Yo casi salté en mi lugar. ¡Era su cumpleaños! ¡Y nadie iba a hacer nada!
¿Cómo podía ser eso posible? ¡Nadie puede tener un cumpleaños sin globos! Eso era una ley, una ley sagrada de los cumpleaños, como que las galletas de chocolate siempre van con leche. Así que decidí que si nadie iba a celebrarlo yo lo haría.
Primero revisé mi mochila, solo tenía dos globos arrugados, uno era rojo y el otro verde con estrellitas, los había guardado desde mi último cumpleaños, luego fui a buscar más. Caminé por los pasillos preguntando a todos:
—¿Tienes globos? —preguntaba a quienes pasaban por mi lado, algunos se rieron, otros dijeron que no, pero una chica muy linda del área de diseño me dio cinco globos azules que usaron en una sesión de fotos.
—Buena suerte, pequeña conspiradora. —Dijo guiñandome un ojo, no sabia que estaba constipada, tenía que pedirle a mamá mi remedio para moquitos.

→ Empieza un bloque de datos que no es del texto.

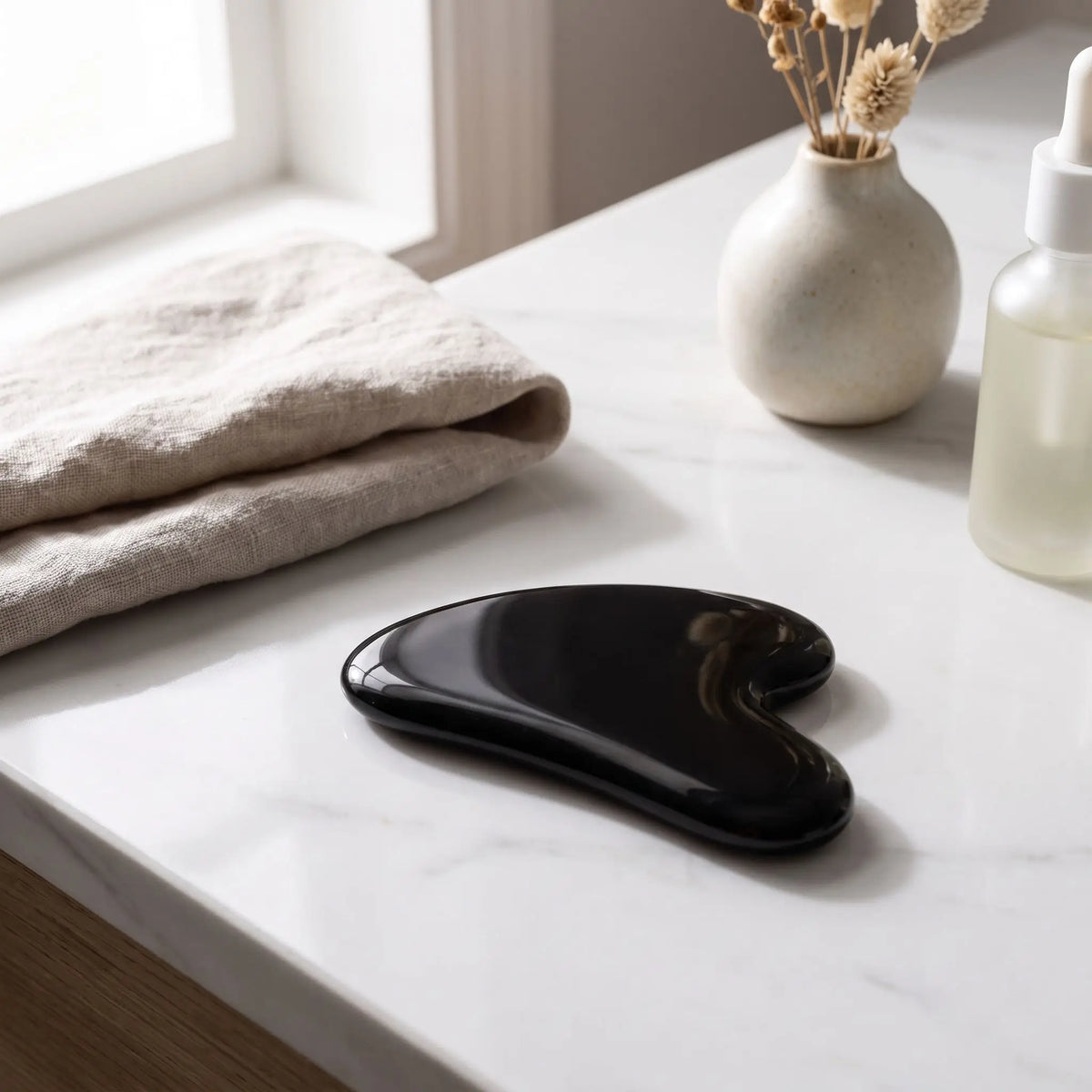 Gua sha en obsidienne noire en forme de cœur posé sur une table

Volví corriendo, mamá ya estaba en la oficina mirando de un lado a otro, hasta debajo de la mesa, me acerqué despacito y le tiré de la manga.
—¿Mamá?
—¿Por qué no estabas aquí? Estaba preocupada
—Fui al baño. —murmuré. —¿Puedo ir un ratito a la sala grande? Solo un poquito.
—¿Para qué?
—No puedo decirlo, es un secreto.
—Sofía…
—Es una sorpresa. ¡Pero una sorpresa linda! me aburro mucho en tu oficina —Ella me miró, con la cara que pone cuando quiere decir “no” pero le gana la curiosidad.
—Está bien, pero nada que haga ruido, ni desorden y no rompas nada. A partir de la otra semana irás al jardín, no hay vuelta atrás, así no te aburres aquí.
—¡Prometido! —dije, y salí corriendo antes de que se arrepintiera.
Me colé en la sala grande por una puerta que siempre queda entreabierta. La sala estaba vacía, todas las sillas todas ordenadas, la mesa enorme, los vasos de agua puestos en línea y encima de todo eso demasiado silencioso.
No podía dejarlo así, ¡Era su cumpleaños! Así que empecé.
Inflé el primer globo, me costó un montón pero lo logré, en el segundo se me escapó y salió volando por la sala como una abeja loca, casi muero de risa, el tercero lo amarre mal y se desinfló en mi cara pero no me rendí.